FUTURIANSfrom Fancyclopedia 2
Meaning, roughly, people who concern themselves with what is to come.
Various fan groups have held this title; one in Sydney NSW Australia
(organized November 1939 and revived 1947), another in Los Angeles in the
summer of 1945, and a third in San Francisco which is described under Bay
Area. But the most important fan group called the Futurians was that which
existed in New York 1937-45. It should be noted that none of these Futurian
Societies have any connection with one another, tho Michel wound up in San
Francisco where, years later, he was tracked down by Sherlockian Karen
Anderson; and the Los Angeles group moved en masse to New York to join the
Futurians there just in time to have the East Coast crew shot from under them
by the X Document split.
The Futurians of New York were a group of whom
the central figures were Wollheim, Lowndes, Pohl and Michel; others thought
of as belonging to the group were Cy Kornbluth, Harry Dockweiler, Chet Cohen,
Dan Burford, Jack Rubinson, Dave Kyle, Dick Wilson, Isaac Asimov, Walt
Kubilus, leslie perri, Larry Shaw, Jim Blish, Judy Merrill, and damon knight
-- probably the highest number of pro-crashers ever affiliated with any fan
club. Tho a Futurian Science-Literary Society of New York was formed in
September 1938 after the GNYSFL breakup the Futurians
were not really a formally-organized group.
The Futurians presented a peculiar differentness in whatever sphere of fan
activity they engaged in, being, with some exceptions in each case, Bohemian
in social practices, radical in politics, Anti-Sykora in fan feuds,
Michelistic in fannish whitherings, inclined
fanarchistically with regard to general fan organization, and given to vers
libre in poetry, eroticism in literature, and decadence in all forms of art.
They took part as a bloc in the Progressive and Constitutional parties of
FAPA, and this and their later actions when
VAPA was formed led to a feeling that they were trying
to rule or ruin these groups.
The Futurians, originally called Wollheimists,
emerged upon the breakup of the ISA, and were the dominant
faction in Second Fandom.
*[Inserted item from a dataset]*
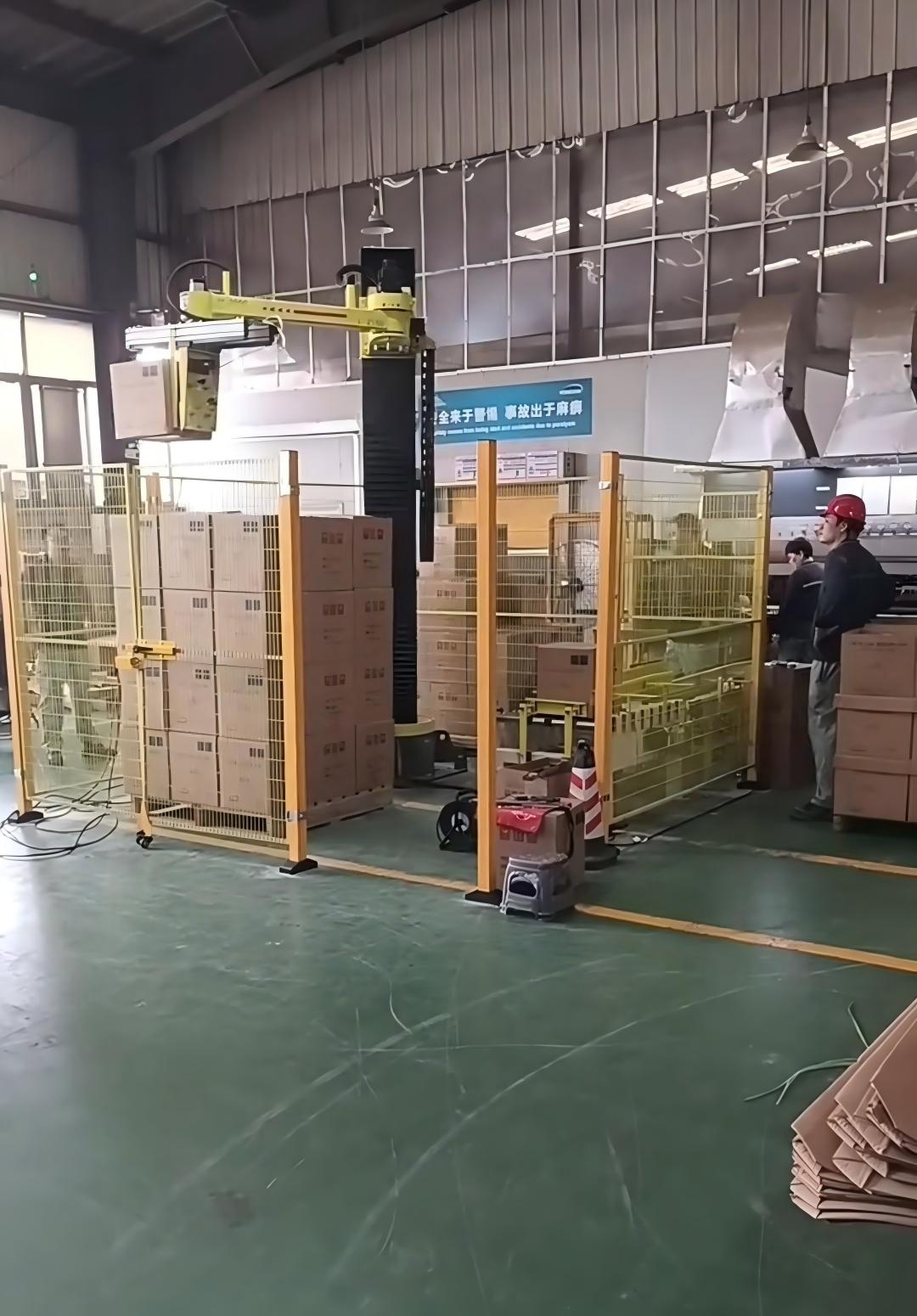 漯河某食品饮料企业箱装码垛机应用案例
With Pohl's
attempt (1939) to form a Futurian Federation of the World, "Futurian" became
a common word for the type of stfnist we have described, just as "
Insurgent" came to mean many others than the LA
people. In 1940 Wollheim as General Secretary formed a Futurian League to
register as Futurians their friends and allies outside New York. For this
organization DAW defined as a Futurian one who thru SF rises to vision a
greater world, a greater future for the whole of mankind, and wishes to
utilize his idealistic convictions for aid in a generally cooperative and
diverse movement for the betterment of the world along democratic,
impersonal, and unselfish lines.
After the Quadrumvirs resigned from FAPA office, they became less active,
but lived in various slanshacks, and many graduated in
time from authors' agents to editorships of some of the 1941-43 flood of
proz. There they put quite a lot of their personalities into their magazines,
and were noted for the number of Futurians appearing in Futurian-edited
prozines.
In early 1945 the Futurians made a comeback bid in fandom with the
organization of VAPA, and it was alleged by the
indignant that the Little
Interregnum caused by resignation of the Futurian FAPA officers was an
attempt to scuttle the older group. But later in the year came the X Document
uproar, and therewith the end of the old Futurians.
In mid-1958 another Futurian Society of New York was formed as "a refuge
for the ribald, irreverent, booze-swilling segments of NY fandom", with
recruits from other areas. At the PhilCo of that year a
group banquet was thrown and at the end of December a Fanarcon at the
Nunnery gathered about 50 adherents for a three-day
confabulation. Such folk as Dick & Pat Ellington, Bill Donaho, Art Saha, Dan
Curran, Martha Cohen, Larry Shaw, Randy Garrett, Dick Eney, John Magnus, Ted
& Sylvia White, Algis Budrys, Dave Kyle, 2N Falasca, and other carefree
funloving faaans are pillars of the society.